I have used the following MATLAB code to simulate the experiment:
n = 1e6; N = 52; M = 4;
P = zeros(1, n);
for i = 1:n
I = randi([1 M], 1, N);
P(i) = sum(([I(2:end), 0]-I)==0);
end
disp(['Mean of P for N = 52 and M = 4: ' num2str(mean(P))]);
disp(['Standard deviation of P for N = 52 and M = 4: ' num2str(std(P))]);
disp(['Pr(P>12 | P>6) for N = 52 and M = 4: ' num2str(sum(P>12)/sum(P>6))]);
I’ll use $R=\frac NM$ for the number of ranks so as not to have to carry around that fraction.

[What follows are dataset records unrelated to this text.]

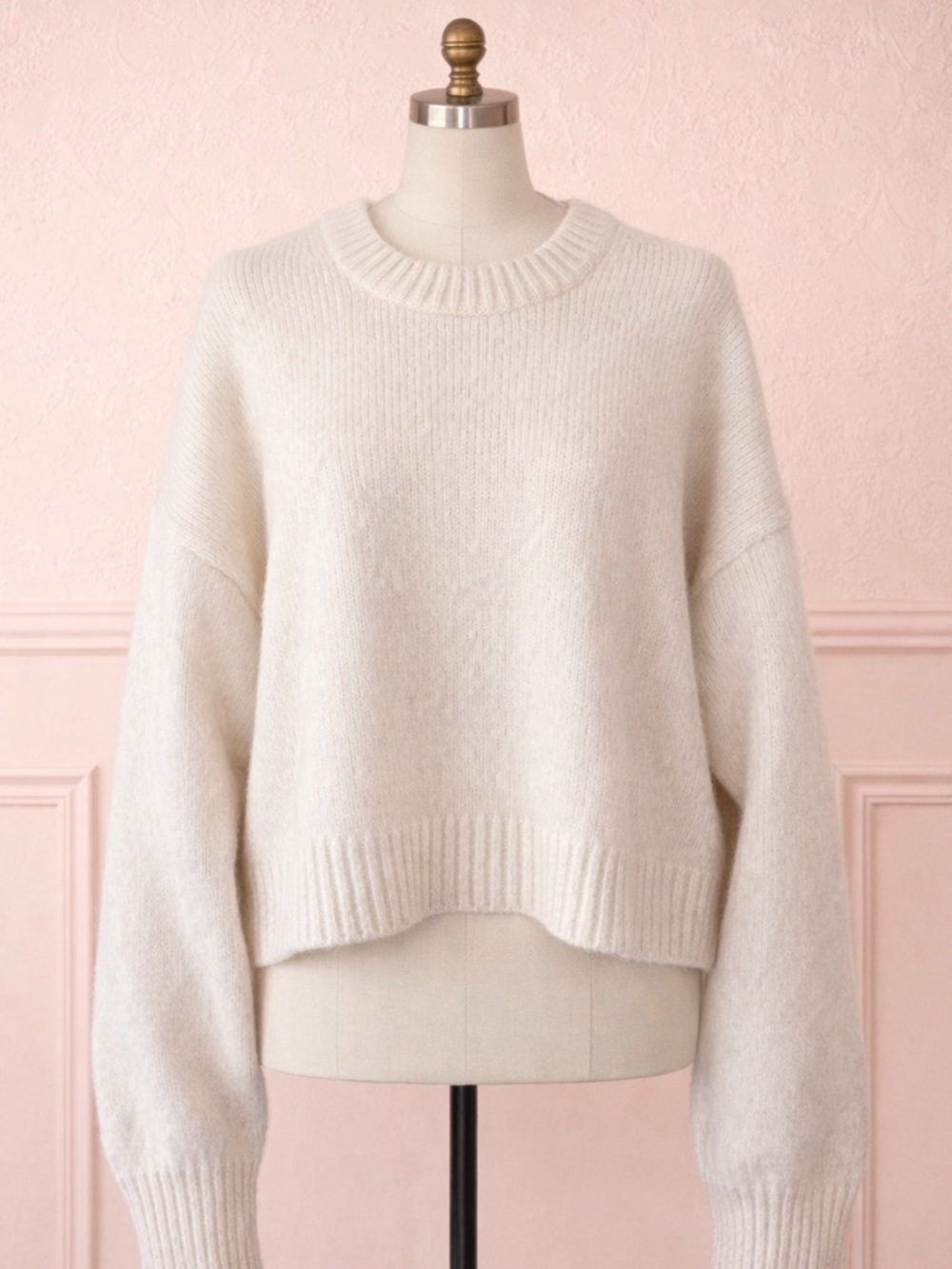 Abercrombie & Fitch Ivory/cream Crewneck Sweater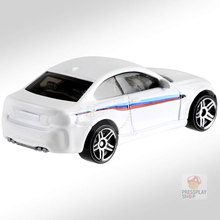 Load image into Gallery viewer, Hot Wheels - 2016 BMW M2 - FYC10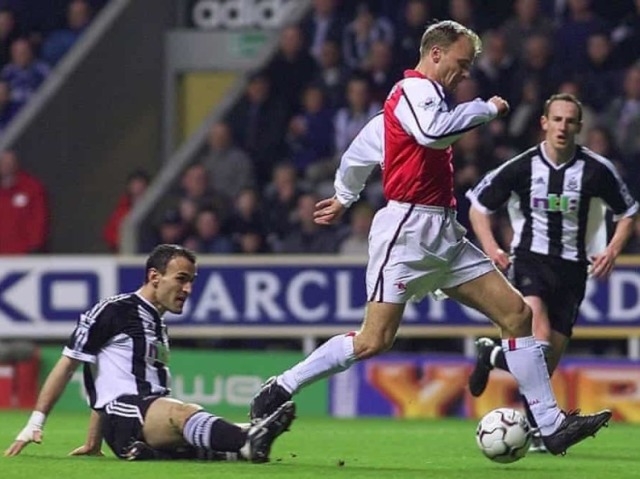 Bergkamp x Newcastle 2002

Consider the indicator variable $I_k$ for $1\le k\lt N$ that is $1$ if the suits of cards $k$ and $k+1$ match and $0$ otherwise. Then the number of matches is $X=\sum_{k=1}^{N-1}I_k$. Using the linearity of expectation, the expectation of $X$ can be calculated as
\begin{eqnarray} E[X] &=& E\left[\sum_{k=1}^{N-1}I_k\right] \\ &=& \sum_{k=1}^{N-1}E\left[I_k\right] \\ &=& (N-1)\frac{M\binom R2}{\binom N2} \\ &=& R-1\;. \end{eqnarray}
So for a standard deck of $52$ cards in $4$ suits and $13$ ranks, this would be $12$.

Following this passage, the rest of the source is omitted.